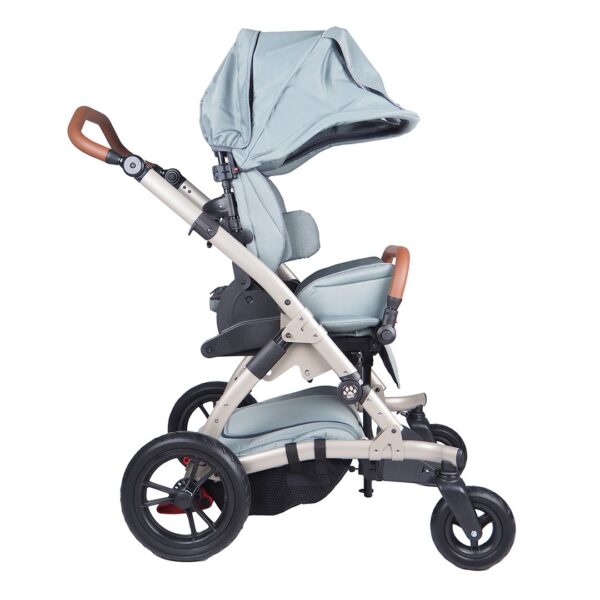 Balto Buggies Engelli Çocuk Puseti (4)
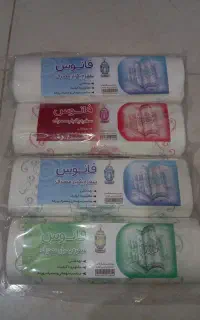 سفره یکبار مصرف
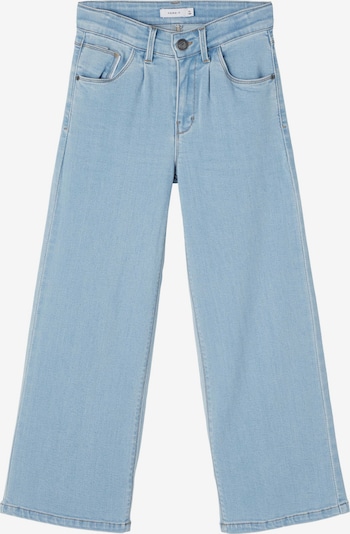 NAME IT Jeans i lyseblå, Produktvisning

§ Your assignment
Beginning with the line containing "سفره یکبار مصرف" and ending with the last line of the material, output each line exactly; do not include pictures.

§ Expected output
 سفره یکبار مصرف
 NAME IT Jeans i lyseblå, Produktvisning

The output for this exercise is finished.